BRIEF:
Every line from the one with "Zsa Zsa Zsu" through the last line below should be repeated exactly; pictures stay out of the copy.
*** Opening of PROVIDED DATA ***
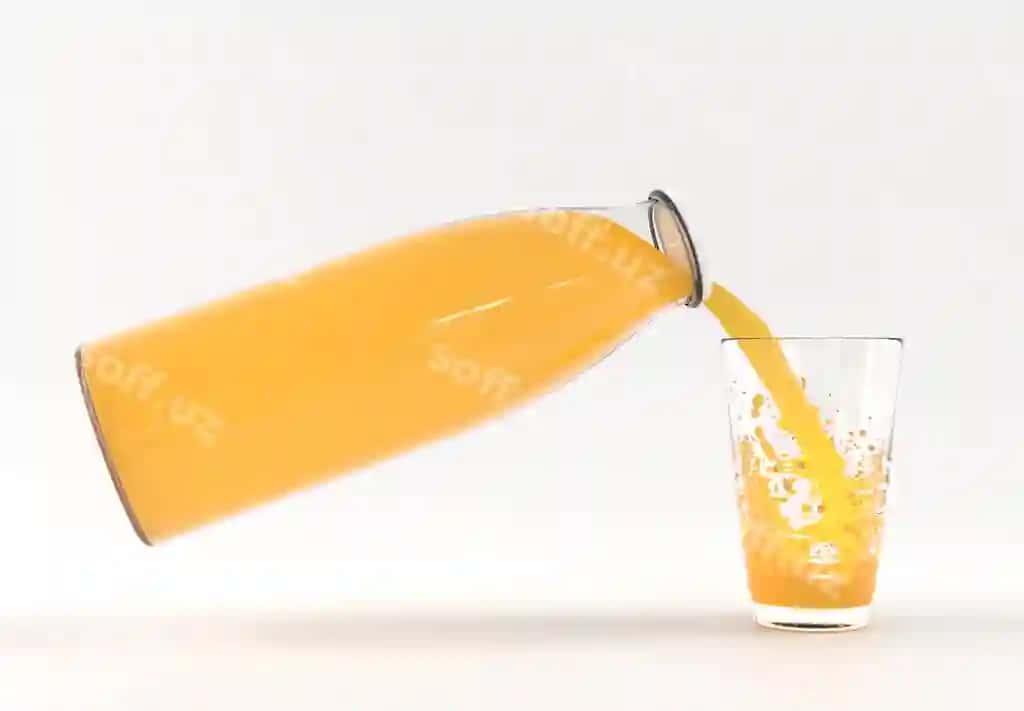 Meva suvi hosil shisha stakli mock-up dizayni | Fruit juice clear glass bottle mock up design
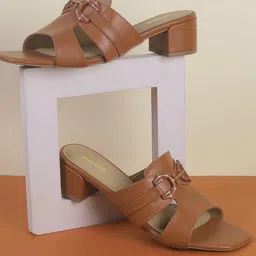 Mochi Women Block Heel Sandals with Buckles-14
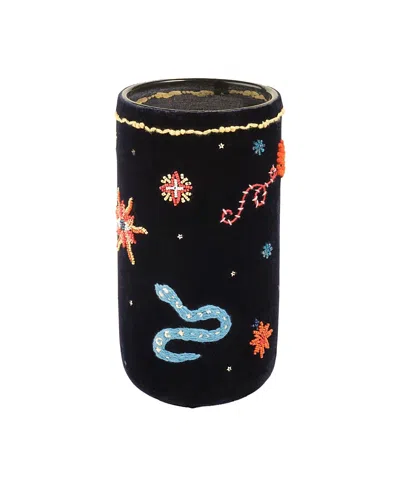 Zsa Zsa Zsu Hand Finished Vase, 5.12 X 5.12 X 9.84 In Black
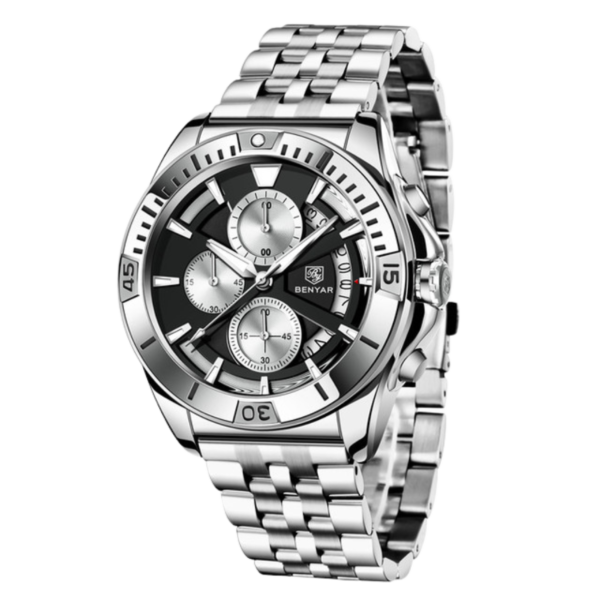 BENYAR BY-5180B – montre chronographe de luxe pour hommes avec bracelet en acier inoxydable - Noir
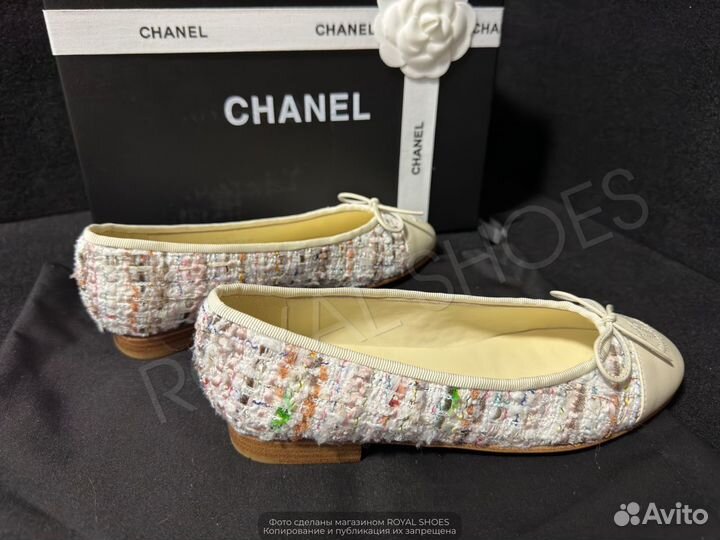 Твидовые балетки женские Chanel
*** Close of PROVIDED DATA ***
FINISHED TASK:
 Zsa Zsa Zsu Hand Finished Vase, 5.12 X 5.12 X 9.84 In Black
 BENYAR BY-5180B – montre chronographe de luxe pour hommes avec bracelet en acier inoxydable - Noir
 Твидовые балетки женские Chanel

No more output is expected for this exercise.